In one scene, Dass talks about how the stroke prevented him from enjoying many of the activities he once did, such as playing the cello and golf. He said, “it pulled me inside even more, and it’s so wonderful,” followed by a big, hearty laugh and brilliant smile.

For a man that spent his adult life delivering lectures on the importance of mindfulness and prioritizing mental awareness over attachments to the physical world, Seppala said Dass admitted to the film crew that the stroke forced him to re-evaluate his level of attachment to everyday activities.

“When he first suffered the stroke, it surprised him how attached he was to the physical world, attached to golfing, driving in the car, getting up from his chair and walking,” Seppala recalled Dass saying. “It took him a number of years … of hard work and deep meditation, to be at a place to sit there and feel a great deal of content. It brought him a lot closer to his guru.”

“He joked that his guru had stroked him,” Seppala added.

In the early ‘60s, while teaching psychology and education at Harvard, fellow professor Timothy Leary introduced Dass to psilocybin — the psychoactive ingredient found in certain species of mushrooms — an experience that led Dass to explore paths toward enlightenment using LSD and other mind-altering drugs.

Their experiments led to articles appearing in newspapers and magazines, but not everybody was thrilled with their methods.

Dass and Leary were fired in May 1963 for using students as subjects for their psychedelic experiments — which were still considered legal at the time. A few years later, Dass traveled to India in 1967 seeking spiritual inspiration. There, he met Neem Karoli Baba, also called Maharajji, who became Dass’s lifelong guru. Maharajji gave Albert the name Ram Dass, or servant of God, and added the prefix Baba, a term of respect meaning father.

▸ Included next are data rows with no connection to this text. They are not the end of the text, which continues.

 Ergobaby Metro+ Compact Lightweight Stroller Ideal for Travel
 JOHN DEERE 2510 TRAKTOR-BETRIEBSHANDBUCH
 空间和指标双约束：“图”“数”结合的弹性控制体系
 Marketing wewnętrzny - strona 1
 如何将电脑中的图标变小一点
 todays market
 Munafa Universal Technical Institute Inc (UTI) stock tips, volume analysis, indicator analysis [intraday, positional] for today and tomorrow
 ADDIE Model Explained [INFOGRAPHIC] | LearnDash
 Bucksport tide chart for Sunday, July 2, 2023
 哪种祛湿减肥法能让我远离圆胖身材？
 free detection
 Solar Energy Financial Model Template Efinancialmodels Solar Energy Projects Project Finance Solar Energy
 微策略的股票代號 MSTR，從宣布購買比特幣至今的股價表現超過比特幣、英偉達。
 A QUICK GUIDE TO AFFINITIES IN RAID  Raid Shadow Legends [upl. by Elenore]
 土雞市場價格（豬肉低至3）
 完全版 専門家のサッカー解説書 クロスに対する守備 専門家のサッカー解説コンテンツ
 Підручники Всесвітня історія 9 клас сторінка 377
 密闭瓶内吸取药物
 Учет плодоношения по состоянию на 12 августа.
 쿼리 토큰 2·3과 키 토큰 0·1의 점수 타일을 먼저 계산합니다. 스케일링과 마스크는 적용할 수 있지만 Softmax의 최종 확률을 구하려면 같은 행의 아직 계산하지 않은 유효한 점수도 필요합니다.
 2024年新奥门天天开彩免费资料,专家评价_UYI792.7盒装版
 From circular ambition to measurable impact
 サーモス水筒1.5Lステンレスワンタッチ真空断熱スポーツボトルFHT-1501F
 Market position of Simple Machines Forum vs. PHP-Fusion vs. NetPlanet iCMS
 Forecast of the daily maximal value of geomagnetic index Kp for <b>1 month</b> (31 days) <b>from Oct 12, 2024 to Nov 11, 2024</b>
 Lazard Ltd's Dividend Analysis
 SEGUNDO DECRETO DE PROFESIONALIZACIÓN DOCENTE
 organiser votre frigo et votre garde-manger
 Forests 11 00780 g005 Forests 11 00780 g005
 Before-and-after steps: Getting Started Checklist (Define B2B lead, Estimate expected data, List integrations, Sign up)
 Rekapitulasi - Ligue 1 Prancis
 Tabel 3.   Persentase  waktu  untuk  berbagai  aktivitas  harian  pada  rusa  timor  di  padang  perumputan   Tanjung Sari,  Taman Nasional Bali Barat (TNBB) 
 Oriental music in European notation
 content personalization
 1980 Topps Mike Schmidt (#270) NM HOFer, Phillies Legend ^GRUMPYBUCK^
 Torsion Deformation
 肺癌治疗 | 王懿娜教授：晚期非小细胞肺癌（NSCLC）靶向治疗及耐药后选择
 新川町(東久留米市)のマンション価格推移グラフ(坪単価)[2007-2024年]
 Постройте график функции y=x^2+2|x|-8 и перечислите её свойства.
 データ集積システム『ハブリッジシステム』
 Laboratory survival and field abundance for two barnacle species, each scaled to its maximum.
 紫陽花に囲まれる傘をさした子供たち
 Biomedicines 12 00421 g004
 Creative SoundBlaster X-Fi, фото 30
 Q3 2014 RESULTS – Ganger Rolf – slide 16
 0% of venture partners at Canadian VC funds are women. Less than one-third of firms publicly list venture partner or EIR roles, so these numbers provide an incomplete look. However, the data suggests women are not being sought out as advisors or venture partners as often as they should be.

Dass returned from India appearing physically different — he was bearded, barefoot and wore a robe — but his views on psychedelics had begun to change as well. He promoted meditation and other spiritual practices while de-emphasizing the use of psychedelics as a means for accessing higher levels consciousness. In 1971, he published “Be Here Now,” a book on meditation and yoga techniques. He then spent much of his life delivering lectures, recording audio recordings, starting foundations to promote charities.

Several years later, Dass lived a much different lifestyle in his home in Maui.

Dass’s physical condition prevented him from traveling, yet he still managed to speak with friends from far away and followers through Skype calls from his study, according to Seppala.

“He was willing to use as much energy as possible to meet and talk with people,” Seppala said. “He would have daily Skype calls from his study, and there was a network of people, old friends and — there was a way for people to sign up for Skype calls — strangers during the day. During his free time during the day, he was having these calls whenever he wasn’t resting, eating or swimming.”

Throughout two interviews, each two hours long, Seppala said Dass was very willing to open up, and the experience overall was very emotional for the film crew.

“We cried, we laughed, and we felt a deep connection to him,” Seppala said. Dass spoke about the journey of his life and a lot of the conversations were around the topic of death and dying.

“He was coming to terms with the inevitability of death,” he said. “It was a central component of his beliefs and lectures.” The challenge for Seppala became how to reflect back the ideas in the interviews with the film’s images and cinematography.

Initially overwhelmed with Maui’s beauty, Seppala said he began to see the forests on the island as a perfect metaphor for what Dass had spoken about.

“You can perceive the jungle not only as abundant with life, but also as a realm of constant death,” Seppala said. “For every tree, there is an equal or greater amount of leaves and trees rotting away.”

Seppala said he found a lot of hope in Dass’s messages in which he believes that although our lives are finite, our souls are infinite and will continue on after death. It’s a message that is “incredibly powerful,” Seppala said, so many of the images in the movie are intended to capture that positivity and beauty.

“At the root, it’s asking people to do something extremely uncomfortable and go to a place in our minds that we don’t want to go to,” Seppala said. “To deeply contemplate and question what death really is, which is beautiful and darkly scary.”